There are many things to share with Jasma, just as I did then, about my wedding, my husband (a friend then whom she had predicted would be my husband), the birth of my child, the travails and tribulations and unsurpassed bliss of motherhood, the joys and highlights and at times frustrations of my work and many more incidents that have dotted my life. But, she is not around to hear me any more.
I still remember that phone call from her after her family left abruptly, asking me not to hang up and that feeble voice saying that she is dying. And my feelings of helplessness as I tried to call her back and trace her telephone number to no avail, after the call got disconnected, not to mention the shock of her revelations.
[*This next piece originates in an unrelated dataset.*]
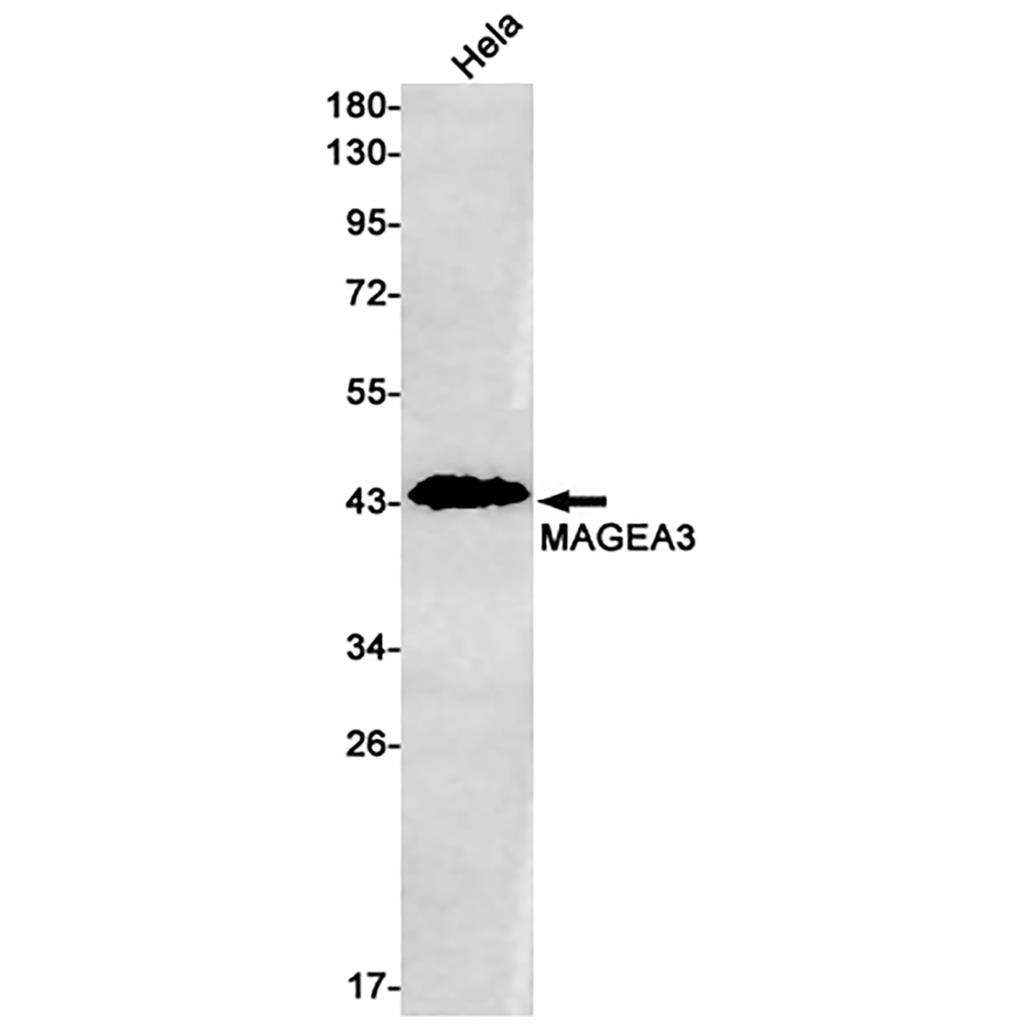 MAGEA3 Rabbit Monoclonal Antibody | 兔单抗 | EnkiLife恩玑生命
Months after, Mayi her caretaker visited us to tell us that our beloved friend was no more.
Its been years but my sister and I find it hard to fill the void that she has left as it was one of those rare friendships that is hard to come by easily and we were fortunate to experience it for a brief period
Taking solace in the words of Lord Krishna in the Bhagavad Gita, that the spirit soul continues to live after the death of the body, I know that the spirit of Jasma continues to live.
Our cherished friend continues to live in our memories, our hearts and through this delightful creation that was made one sunny afternoon eons ago, remniscent of genuine and sincere comradeship that is hard to come by these days.
Jasma’s Vegetable Pulao Recipe
500 gm (2 1/2 cups) basmati rice
2 1/2 tsp salt
4 cups water
1/2 cup fresh or frozen peas
1 cup carrot, cut into strips or juliennes
1 cup beans, cut into 1” pieces
1 cup potatoes, cut into cubes
To be ground into a paste:
spices to be roasted
1 tsp ghee
2 tbsp coriander seeds
1 tsp cumin seeds
1 tsp peppercorns (1/2 tsp you want it bland)
4 to 5 small pieces of cinnamon
1/2 cup fresh or frozen grated coconut
1/2 cup fresh corainder leaves or cilantro
1/2 cup fresh mint leaves
1 tbsp ginger
2 green chili
1 tsp salt
For the seasoning:
5 to 6 tbsp ghee or vegetable oil
2 to 3 bay leaves
1 tsp asafetida
Wash and soak the rice in plenty of water for about 30 minutes. Cook the vegetables in little water or steam them in a steamer.
In a wok, put in the ghee and roast the spices, the coriander seeds, cumin seeds, peppercorns, cloves and cinnamon on medium low heat for 3 to 4 minutes until aromatic. Mix in the coconut, cilantro, mint leaves, ginger, chili and salt and grind to a fine paste using very little water.
Cook the rice and allow to cool.
In a wok, heat the oil and add the bay leaf and the asafetida. Stir in the ground paste and cook till oil separates. Stir in the vegetables with 1/2 cup cooking water. Mix well.
Mix the vegetables with the cooked rice.
Serve with tomato raita or any other raita of your choice.
Serves 6 to 8 depending on the other side dishes served.